Qual é esse critério? A verosimilhança ou a proximidade à verdade. O facto de
uma teoria ter sucesso onde todas as outras falharam, de ser capaz de explicar
o que as outras explicam e aquilo que as outras não explicam, significa que
essa teoria é uma melhor aproximação à verdade, uma teoria mais verosímil, que
todas as outras. A verdade, embora não seja alcançável, funciona como uma ideia
reguladora, uma luz no fundo do túnel, para a qual a ciência deve tender. O
método é o processo que os cientistas usam para esse fim. E como na sua base
está a atitude crítica, fundada em regras lógicas, a ciência é racional e
objetiva. A escolha entre teorias não se faz com base em aspetos subjetivos,
como as preferências individuais dos cientistas, mas em critérios objetivos,
uma vez que os testes a que as teorias são submetidas são feitos de acordo com
procedimentos metodológicos precisos, que permitem determinar quais as que se
aproximam mais da verdade.
Thomas Kuhn
Vida e obra
Thomas S.
Kuhn nasceu em 18 de julho de 1922, em Cincinnati, Ohio, nos Estados Unidos.

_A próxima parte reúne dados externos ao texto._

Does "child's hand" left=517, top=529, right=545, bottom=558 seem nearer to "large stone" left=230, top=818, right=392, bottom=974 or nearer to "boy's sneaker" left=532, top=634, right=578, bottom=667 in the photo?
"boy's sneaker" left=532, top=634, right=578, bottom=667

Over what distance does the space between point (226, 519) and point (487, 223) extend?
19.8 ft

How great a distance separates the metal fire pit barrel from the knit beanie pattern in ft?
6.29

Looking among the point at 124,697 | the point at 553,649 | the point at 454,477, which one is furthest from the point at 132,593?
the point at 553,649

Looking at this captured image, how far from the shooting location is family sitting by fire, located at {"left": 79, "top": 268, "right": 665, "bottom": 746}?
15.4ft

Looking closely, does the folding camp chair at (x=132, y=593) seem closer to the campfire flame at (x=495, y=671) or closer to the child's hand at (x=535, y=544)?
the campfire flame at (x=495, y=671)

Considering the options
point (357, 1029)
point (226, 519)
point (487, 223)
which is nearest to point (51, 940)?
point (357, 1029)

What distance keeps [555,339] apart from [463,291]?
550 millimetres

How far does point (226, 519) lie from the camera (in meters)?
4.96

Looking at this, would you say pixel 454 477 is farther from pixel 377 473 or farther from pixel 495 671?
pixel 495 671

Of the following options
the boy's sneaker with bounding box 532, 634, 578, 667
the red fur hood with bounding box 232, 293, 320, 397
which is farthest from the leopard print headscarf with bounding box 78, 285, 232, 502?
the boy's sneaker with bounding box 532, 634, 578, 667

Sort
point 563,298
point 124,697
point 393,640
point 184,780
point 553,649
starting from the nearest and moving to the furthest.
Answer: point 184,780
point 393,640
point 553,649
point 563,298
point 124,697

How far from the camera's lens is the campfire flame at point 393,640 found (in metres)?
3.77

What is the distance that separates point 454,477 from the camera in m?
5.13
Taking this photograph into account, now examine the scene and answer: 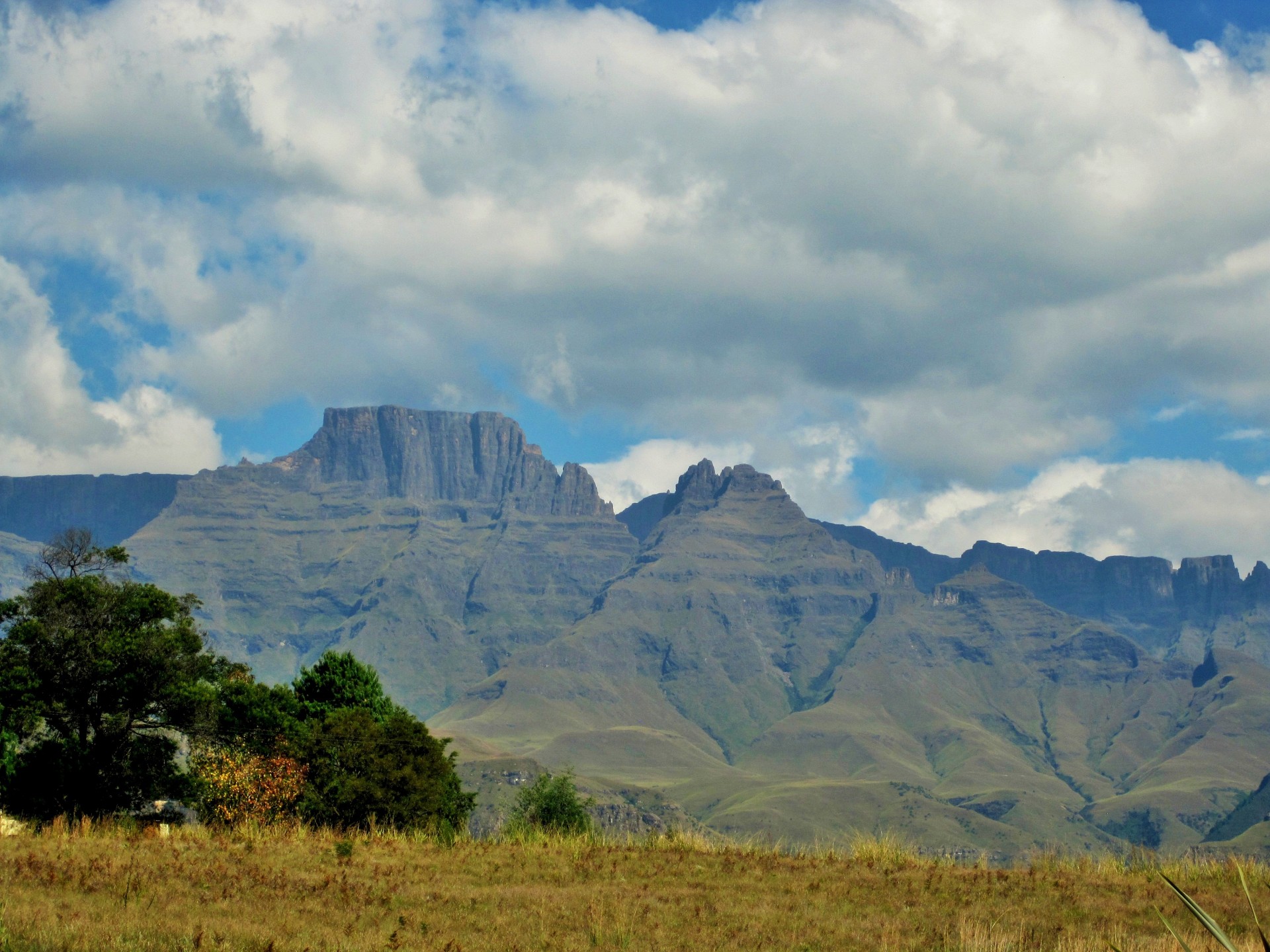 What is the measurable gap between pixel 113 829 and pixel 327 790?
8.86 metres

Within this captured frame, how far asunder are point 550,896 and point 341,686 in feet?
128

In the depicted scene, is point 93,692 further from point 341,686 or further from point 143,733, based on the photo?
point 341,686

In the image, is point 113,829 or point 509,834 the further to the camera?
point 509,834

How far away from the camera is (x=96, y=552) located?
47625 mm

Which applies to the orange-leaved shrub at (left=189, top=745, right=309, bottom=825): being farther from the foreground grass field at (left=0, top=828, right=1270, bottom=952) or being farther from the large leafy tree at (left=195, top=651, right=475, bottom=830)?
the foreground grass field at (left=0, top=828, right=1270, bottom=952)

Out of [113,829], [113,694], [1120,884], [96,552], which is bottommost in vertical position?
[1120,884]

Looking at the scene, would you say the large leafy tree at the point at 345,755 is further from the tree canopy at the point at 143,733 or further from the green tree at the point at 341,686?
the green tree at the point at 341,686

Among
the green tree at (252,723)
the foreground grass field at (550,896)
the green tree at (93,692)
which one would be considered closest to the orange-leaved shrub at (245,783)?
the green tree at (252,723)

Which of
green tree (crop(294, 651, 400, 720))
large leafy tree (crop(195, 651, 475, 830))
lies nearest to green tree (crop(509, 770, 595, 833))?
large leafy tree (crop(195, 651, 475, 830))

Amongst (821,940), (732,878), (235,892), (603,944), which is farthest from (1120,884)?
(235,892)

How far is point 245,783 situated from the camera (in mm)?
43125

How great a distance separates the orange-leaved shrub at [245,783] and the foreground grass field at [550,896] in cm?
685

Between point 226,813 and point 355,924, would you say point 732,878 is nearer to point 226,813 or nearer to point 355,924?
point 355,924

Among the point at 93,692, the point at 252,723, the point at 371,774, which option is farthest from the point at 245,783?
the point at 93,692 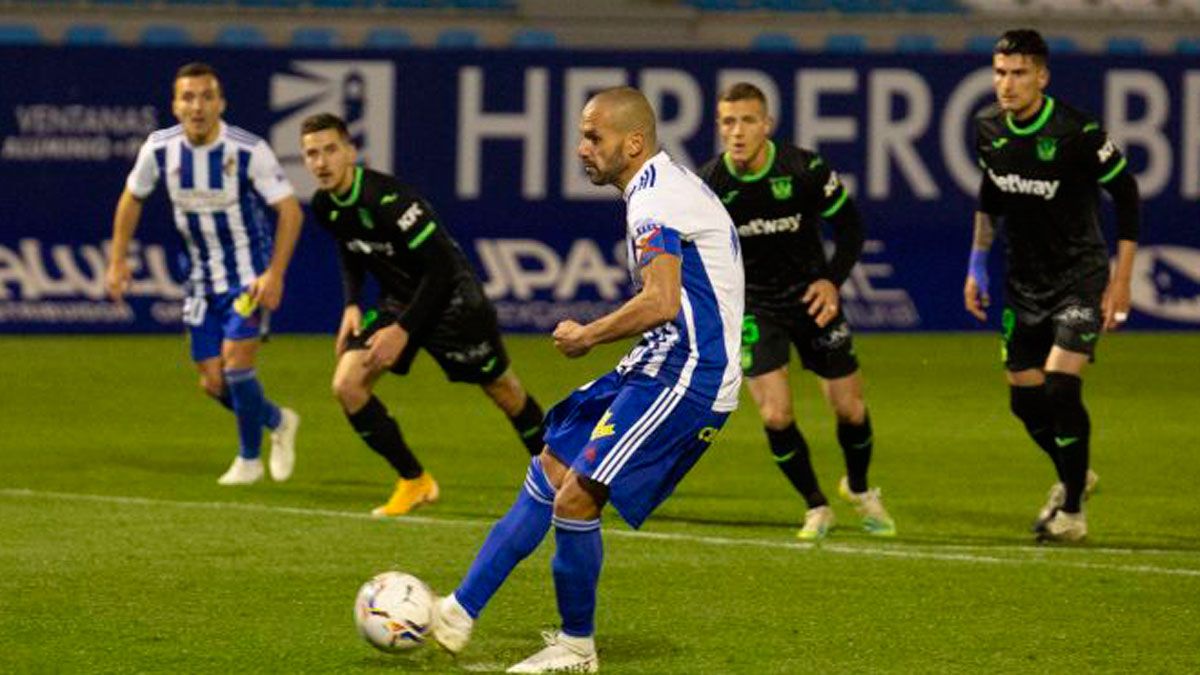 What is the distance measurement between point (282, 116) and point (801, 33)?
5.13 m

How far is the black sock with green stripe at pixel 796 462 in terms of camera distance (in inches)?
396

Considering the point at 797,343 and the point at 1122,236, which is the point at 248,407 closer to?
the point at 797,343

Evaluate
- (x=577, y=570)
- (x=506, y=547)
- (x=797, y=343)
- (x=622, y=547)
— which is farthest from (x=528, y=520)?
(x=797, y=343)

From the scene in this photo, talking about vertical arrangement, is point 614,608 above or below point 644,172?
below

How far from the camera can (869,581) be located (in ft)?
28.7

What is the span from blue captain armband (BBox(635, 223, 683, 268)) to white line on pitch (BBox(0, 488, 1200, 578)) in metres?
2.98

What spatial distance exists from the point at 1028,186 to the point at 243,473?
4.03 meters

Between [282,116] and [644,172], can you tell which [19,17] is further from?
[644,172]

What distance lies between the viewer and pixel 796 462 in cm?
1008

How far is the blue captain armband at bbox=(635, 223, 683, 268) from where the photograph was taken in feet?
22.0

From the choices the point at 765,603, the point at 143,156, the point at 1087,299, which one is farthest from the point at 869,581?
the point at 143,156

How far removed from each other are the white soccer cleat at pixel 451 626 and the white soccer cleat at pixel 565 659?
16 centimetres

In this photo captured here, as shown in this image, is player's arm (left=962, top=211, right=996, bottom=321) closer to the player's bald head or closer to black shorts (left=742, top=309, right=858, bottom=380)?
black shorts (left=742, top=309, right=858, bottom=380)

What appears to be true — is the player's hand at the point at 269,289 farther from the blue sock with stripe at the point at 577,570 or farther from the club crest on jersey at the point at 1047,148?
the blue sock with stripe at the point at 577,570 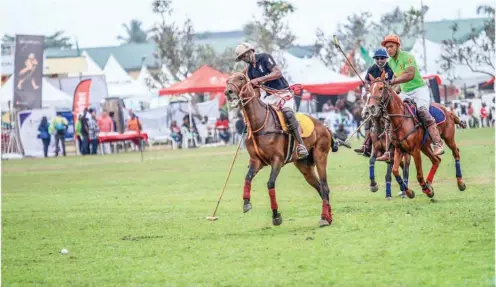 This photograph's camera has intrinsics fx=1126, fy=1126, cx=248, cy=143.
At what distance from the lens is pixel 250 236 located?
1570 centimetres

Como no liceu revelou-se um excelente aluno a Matemática, em 1940, entrou para
a Universidade de Harvard como estudante de Física. Depois da entrada dos
Estados Unidos na Segunda Guerra Mundial, Kuhn resolveu fazer o curso o mais
rapidamente possível e, em apenas três anos, em 1943, licenciou-se summa cum
laude, isto é, com a mais alta honra. Kuhn passou o resto dos anos de guerra a
fazer investigação relacionada com radares em Harvard e na Europa. Em 1946, fez
o mestrado e, pouco depois, em 1949, o doutoramento em Física, com uma tese
sobre a aplicação da mecânica quântica à física do estado sólido. Antes, ainda
em 1947, foi convidado pelo presidente da Universidade de Harvard para lecionar
um curso sobre ciência centrado no estudo de alguns casos históricos. Isto
levou-o a interessar-se por história da ciência e, depois, por filosofia da
ciência. Durante este período, ele concentrou-se no estudo da teoria da matéria
no século XVIII e nos momentos iniciais da história da termodinâmica. Kuhn
interessou-se em seguida pela história da astronomia e, como consequência
disso, em 1957, publicou o seu primeiro livro, A Revolução Copernicana: A
Astronomia Planetária no Desenvolvimento do Pensamento Ocidental. Em 1956, Kuhn
trocou a Universidade de Harvard pela de Berkeley, para lecionar história da
ciência. Aí, o contacto com filósofos da ciência, como Stanley Cavell (1926-) e
Paul Feyerabend (1924–1994), permitiu-lhe desenvolver os seus interesses em
filosofia da ciência. Na sequência disso, Kuhn publicou, em 1962, A Estrutura
das Revoluções Científicas, o seu livro mais importante e controverso,
considerado uma das principais obras da segunda metade do século XX. É nesta
obra que Kuhn expõe a sua teoria da ciência e que surge o conceito de paradigma
e de mudança de paradigma, que depois se tornou usual da política ao futebol.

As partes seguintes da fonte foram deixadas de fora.